How Not to Read Dante You probably missed the point of The Divine Comedy in high school. Elesha Coffman
May 1, 2001 Christian History magazine—which sponsors this weekly column—this week begins a three-month look at "Dante's Guide to Heaven and Hell." Yes, the bane of your high school English class has become the focus of our latest foray into the mind of the Middle Ages. But before you judge the magazine by the cover of your eleventh grade textbook, be aware: American literary education absolutely mangles the Divine Comedy.

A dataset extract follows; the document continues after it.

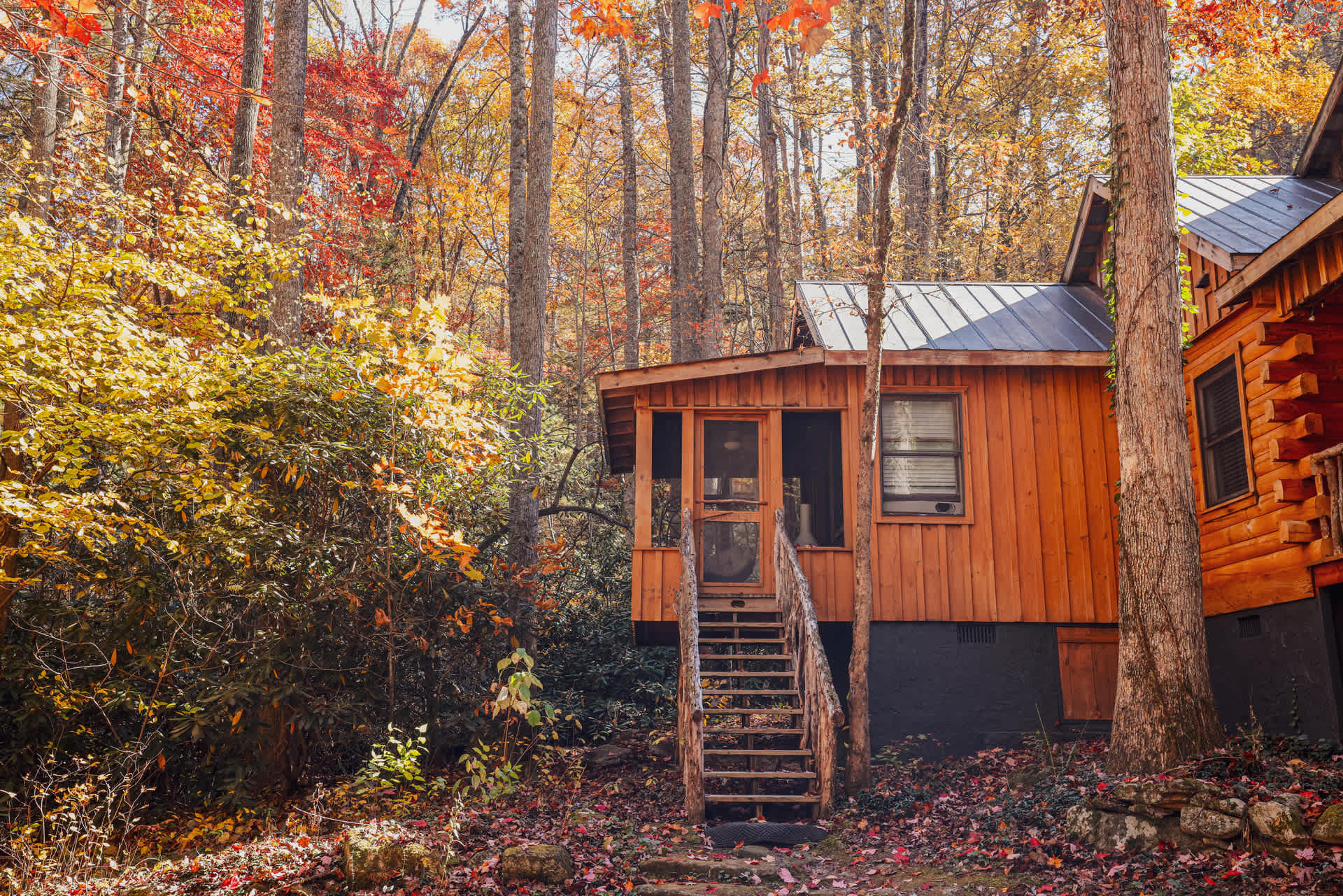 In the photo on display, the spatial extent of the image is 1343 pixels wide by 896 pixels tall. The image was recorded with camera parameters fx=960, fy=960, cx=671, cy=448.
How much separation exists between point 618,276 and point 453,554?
17.1 meters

First, most anthologies print big hunks of Inferno and then abruptly cut the poem off or zoom straight to the end of Paradiso. This treatment suggests that Dante's journey through the afterlife climaxes with his vision of Satan. Wrong. If you imagine Dante's pilgrimage as a road trip on Route 66, Cocytus would be Oklahoma City—a significant stop at the one-third mark, but a long way from the desired destination. (Note: No further parallels are implied between Oklahoma's fine capital and Dante's hellish lake of ice.) Second, anthologies give inordinate attention to footnotes, riddling the poetry with superscripts and piling lines of explanatory text at the bottom of every page. Readers need some information on the many people, places, and events Dante mentions, because otherwise the poet's points would be entirely lost. But overemphasis on names and dates causes the Comedy to read more like an old newspaper than like an artistic masterpiece. Returning to the Route 66 analogy, footnote freaks are the well-meaning parents who stop at every historical marker along the road. Educational, yes, but also extremely jarring. Perhaps the biggest mistake made by many teachers and anthologists, though, is believing that a small dose of Divine Comedy will produce lasting benefits for their pedagogical patients. More often, the dose ...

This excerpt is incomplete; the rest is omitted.